Taking Flight

There are plenty of places around town to enjoy these sipping samplers.

Jess Mayhugh - August 2018

Taking Flight

There are plenty of places around town to enjoy these sipping samplers.

Jess Mayhugh - August 2018

Flight of amaro at W.C. Harlan. -Justin Tsucalas

We love any opportunity to sample a lot of little things at once—whether that’s tapas, dim sum, a well-crafted charcuterie board, or most recently, some of our favorite spirits. Of course, wine flights had their heyday several years back, but now there are all kinds of things that can be found in flight form, and we’re sure happy the trend is, well, taking off.

Many breweries in town have made their beer available in flights (Oliver, Monument City, and Jailbreak, to name a few), but if your aim is to try a bunch of different breweries under one roof, head to Parts & Labor (2600 N. Howard St.). Though the restaurant recently announced its closing, a pop-up bar will operate Wednesdays through Saturdays through the end of September. Featuring offerings from craft breweries around the region and country—such as Diamondback, Wardaca, and Sly Fox—the oft-rotating draft options are available in three mini snifter classes for $8-11.

There’s an even greater selection at The Brass Tap in Bolton Hill (1205 W. Mt. Royal Ave.), where four samples of their 62-draft selection are often scribbled on a chalkboard, so you can clearly remember your choices no matter how many you’ve had. Sit outside and sample your beers as you watch the Light Rail whiz by.

If you’re feeling more adventurous, look no further than Lane Harlan’s two Remington bars. W.C. Harlan (400 W. 23rd St.) offers flights of the Italian liqueur amaro ($12 for three pours). The liqueur is presented three ways on a beautiful silver serving tray. There’s even one house-made version concocted with local honey.

Just up the street is Harlan’s taqueria Clavel (225 W. 23rd St.), which recently expanded with a private six-seat bar providing special mezcal tastings. For $35 per person, sample four different varieties of the agave treat, while being expertly guided by bar manager Dre Barnhill. The bar offers small bites—nuts, crackers, and traditional orange slices—and a portion of the proceeds goes to the Tequila Interchange Project, an organization that advocates for the preservation of agave-distilled spirit practices.

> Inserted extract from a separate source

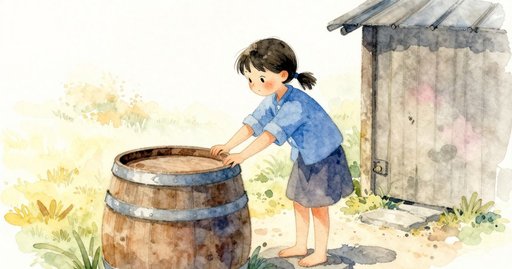 Rolling Barrel and the Yard Hedgehog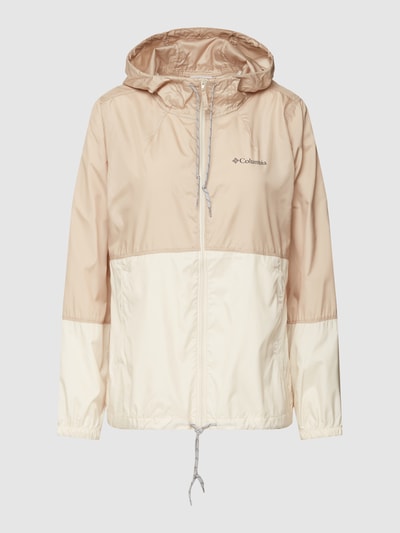 COLUMBIA Windbreaker met labeldetails, model 'FLASH' Taupe - 2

If you truly can’t decide what kind of flight to try, head to West Madison Craft Beer & Wine Bar in Mt. Vernon (311 W. Madison St.), which offers practically everything in small sizes. There are flights for beer ($12 for 4-ounce drafts), whiskey ($15 for 1-ounce pours of rye, bourbon, and scotch), and wine ($15 for four selections of red and white). And the bar also boasts flight selections for both olives and pickles, which come in a medley of sweet, horseradish, garden, and spicy.

The bar’s vintage telephone booth and open windows overlooking the bustling sidewalk give it a European feel—appropriate for all the “flights” we’ve taken in our travels through Baltimore.